Spatial attention assigned for the players by POGARS. Player bounding boxes are colored according to the spatial attention score. Key player of each group activity is annotated with dotted bounding boxes

Fig. 7
figure 7

Spatial attention assigned for the players involved in right spike activity by POGARS. Key frame of the activity is visualized with player bounding boxes colored according to the spatial attention score

Since group activities have different important stages in their temporal span, our temporal attention mechanism described in Sect. 3.3 is capable of assigning attention weights to each frame in accordance with its perceived importance. Each activity clip of the volleyball dataset we used in our experiments consists of 36 frames where the 16th frame is the central keyframe of the group activity. Therefore, we expect that frames neighboring the 16th frame (\(t=15\)) should generally receive high attention when predicting the group activity label. Figure 5 illustrates the predicted mean temporal attention weights for each frame index as assigned by POGARS. The graph indicates a clear peak in attention weights when \(t=15\) (key frame) and comparatively high attention weights for the neighboring frames. This observation indicates that our temporal attention mechanism can identify the predictive power of frames from group activity video instances.

The spatial self-attention mechanism discussed in Sect. 3.5 attends to the key people involved in the group activity. Though group activities are labeled according to the side of the volleyball court they were performed from (such as left spike and right spike), players on both sides of the court contribute to a group activity. For example, the players on the left-hand side of the court may form a defensive formation when a right spike activity is taking place.

Figure 6 visualizes the spatial attention weights from six correct volleyball group activity predictions done by POGARS. The first row of the figure represents successful spatial attention cases, while the second row represents three failure spatial attention cases. The key player of each group activity instance was manually determined and denoted by dotted red bounding boxes.

Instance (a) is a left spike and instance (b) is a right spike group activity instance of volleyball data. In both cases, the player with highest attention is the one spiking the ball. In instance (c), which is a left set group activity, the player who’s having the control of the ball is having the highest spatial attention. It is clear that POGARS has been able to identify the key player correctly in those group activity instances.

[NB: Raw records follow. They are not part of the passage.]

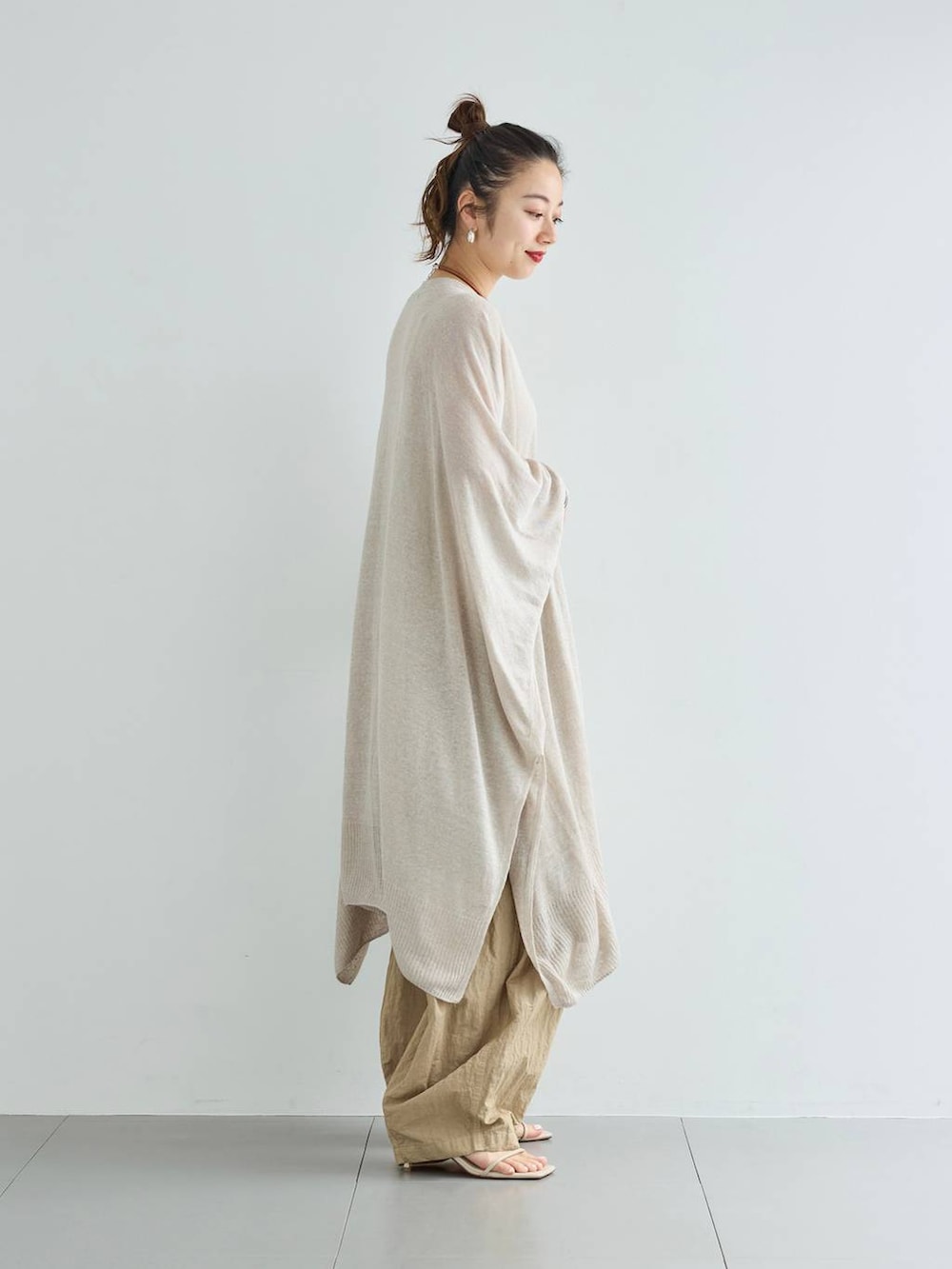 ベージュ系のその他パンツ、グレー系のニット/セーター、シルバー系のピアス(両耳用)を着用したレディースの夏コーディネートの2枚目の写真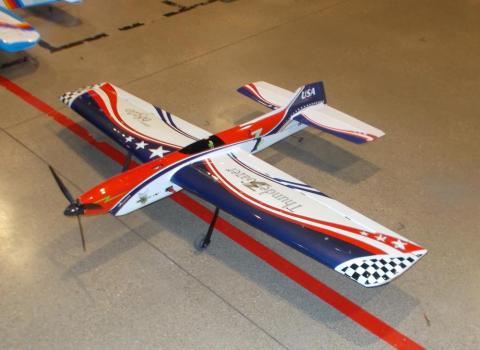 Model airplane with red, white, and blue design on a concrete floor.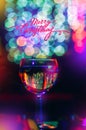A glass of wine, champagne on a background of bright multi-colored bokeh. The concept of a solemn feast, congratulations Royalty Free Stock Photo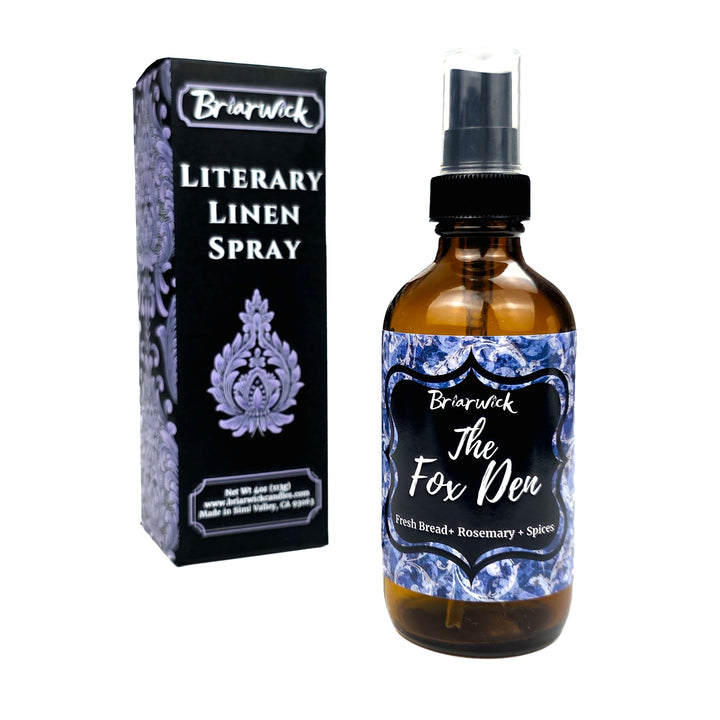 A bottle of Briarwick Literary Linen Spray next to its black packaging box, featuring a blue and white damask pattern with white text on a clean white background.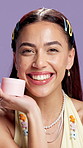 Face, happy woman or beauty in studio with cream, skincare cosmetic or dermatology for wellness. Person, lotion or moisturizer for healthy skin, collagen and anti aging benefits on purple background.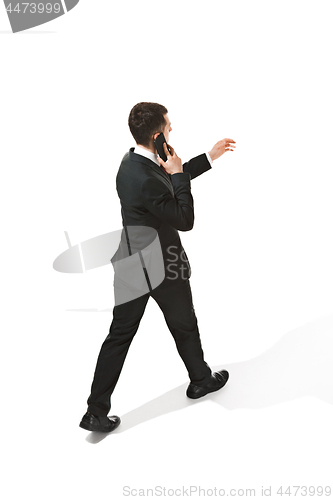 Image of The back of businessman over white background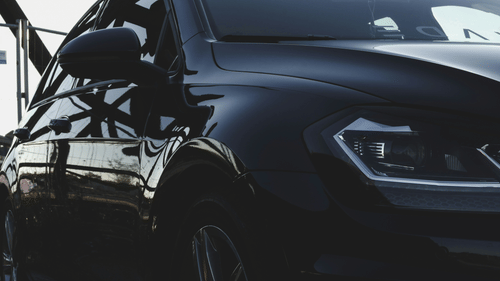 Close-up of a black car with reflective bodywork and modern detailing.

In (d) left pass and (e) right pass activity instances, players who have control of the ball are in a falling position which is different from the generic pass posture of a player. These different posture patterns in such cases can be interpreted as the cause for the failure of spatial attention assignment.

Instance (f) is a right spike group activity of volleyball data where spatial attention assigned by POGARS is incorrect. In this particular instance, two players have spike jumping postures which may cause incorrect identification of the prominent player of the activity. These instances can be defined as edge cases where players are having drastic differences in their posture as well as their position on the volleyball court compared to generic group activity instances.

For more clarity, Fig. 7 shows a more zoomed in view of the algorithm assigning attention weights to players in a right spike group activity, along with several frames cropped around the player with the highest attention. In this case, the player with highest attention is the one spiking the ball, so it is clear that POGARS has correctly assigned attention to the keyplayer in this case.

4.3.4 Performance comparison of POGARS against rival methods

Table 3 Comparison of different baselines and state-of-the-art methods with POGARS evaluated on volleyball dataset

We compare the performance of POGARS with state-of-the-art methods and 3 baselines. Table 3 reports the group activity recognition accuracy of the stated models on the volleyball dataset [13].

The baselines are:

  • B1 - Activity recognition with keyframe spatial features: This baseline uses the middle frame of the activity video clip (21st frame among 41 frames) as the input to a ImageNet pre-trained ResNet34 model [48].

  • B2 - Activity recognition with person level spatial and position features: Similar to B1, except that we introduce a second stream for processing keyframe player bounding boxes represented as heatmaps. Learned spatial features from the two streams are fused together late in the architecture to predict the group activity.

  • B3 - Activity recognition with spatiotemporal RGB features: This baseline takes 16 consecutive frames of the collective activity as input to a network based on ResNet18 architecture with 3D CNN layers. B3 can be thought of as a temporally extended version of B1.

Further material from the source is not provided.